I just bought myself a 2009 Routan S, got a pretty good deal and I'm pretty stoked about my new van.

The only thing I'd like to improve is to convert the 2nd row bench seat to some captains chairs. I searched around and saw people converting the Routan to use Stow and Go, but I'm not wanting that, just captain's chairs. Sorry if I missed an obvious post...I did look...

Looking in the cabin, it looks like it's configured to have captains chairs. I can see an unused "hook" in the floor about where the captain's chair would attach...just wondering if anyone has done this already and if it's even possible?
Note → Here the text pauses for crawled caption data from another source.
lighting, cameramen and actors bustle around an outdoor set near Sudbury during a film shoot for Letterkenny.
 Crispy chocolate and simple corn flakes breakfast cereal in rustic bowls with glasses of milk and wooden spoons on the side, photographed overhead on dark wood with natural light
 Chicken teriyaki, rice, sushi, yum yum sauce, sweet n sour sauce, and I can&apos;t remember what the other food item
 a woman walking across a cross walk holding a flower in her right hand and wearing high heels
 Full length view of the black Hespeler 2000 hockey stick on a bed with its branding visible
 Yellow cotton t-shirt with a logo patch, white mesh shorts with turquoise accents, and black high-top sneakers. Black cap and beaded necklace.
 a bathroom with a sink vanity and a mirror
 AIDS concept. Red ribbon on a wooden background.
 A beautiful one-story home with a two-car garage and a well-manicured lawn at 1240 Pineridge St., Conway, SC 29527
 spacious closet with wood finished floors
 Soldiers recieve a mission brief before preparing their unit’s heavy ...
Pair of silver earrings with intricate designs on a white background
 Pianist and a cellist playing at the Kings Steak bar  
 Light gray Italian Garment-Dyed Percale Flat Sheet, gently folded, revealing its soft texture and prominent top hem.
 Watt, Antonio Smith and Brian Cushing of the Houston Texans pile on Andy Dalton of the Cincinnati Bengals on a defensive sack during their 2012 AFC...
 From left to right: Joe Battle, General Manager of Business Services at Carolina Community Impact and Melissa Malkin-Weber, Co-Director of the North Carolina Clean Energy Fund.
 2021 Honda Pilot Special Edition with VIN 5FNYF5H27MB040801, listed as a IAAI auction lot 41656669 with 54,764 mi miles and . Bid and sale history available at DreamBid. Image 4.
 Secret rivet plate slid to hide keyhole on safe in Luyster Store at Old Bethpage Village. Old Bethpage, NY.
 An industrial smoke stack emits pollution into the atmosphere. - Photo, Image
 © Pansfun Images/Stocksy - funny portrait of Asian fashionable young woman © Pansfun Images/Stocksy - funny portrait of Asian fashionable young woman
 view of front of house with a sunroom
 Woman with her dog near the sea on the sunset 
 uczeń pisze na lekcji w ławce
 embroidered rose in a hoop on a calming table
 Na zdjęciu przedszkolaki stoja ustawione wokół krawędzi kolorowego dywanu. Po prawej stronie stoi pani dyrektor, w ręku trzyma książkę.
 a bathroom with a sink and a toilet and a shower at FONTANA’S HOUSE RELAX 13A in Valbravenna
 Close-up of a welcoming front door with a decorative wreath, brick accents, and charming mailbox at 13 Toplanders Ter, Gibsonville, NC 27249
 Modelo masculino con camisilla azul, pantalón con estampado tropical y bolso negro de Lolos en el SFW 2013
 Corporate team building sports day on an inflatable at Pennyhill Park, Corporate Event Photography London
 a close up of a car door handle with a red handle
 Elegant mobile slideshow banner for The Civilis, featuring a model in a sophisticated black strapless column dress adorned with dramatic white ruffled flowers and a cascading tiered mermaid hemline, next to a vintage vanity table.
Thanks in advance for any help!!!


----------



## Zambee500 (Jun 23, 2011)

If it were me, I'd probably go ahead and go with the Stow & Go captain chairs. It won't cost you any extra and will add a lot of convenience. In any event, if you look at the thread on converting to Stow & Go, there is a link to a company that converts Chrysler/Dodge minivans (among others) to handicap vans. They sell the seats fairly cheap -


----------



## Air_Cooled_Nut (Mar 15, 2000)

Zambee500 said:


> ... The handicap-conversion outfit will have a much larger selection of interior colors and all of the parts and everything you'd need to do the conversion.


 Except the Chrysler/Dodge greys aren't an exact color match :screwy:


----------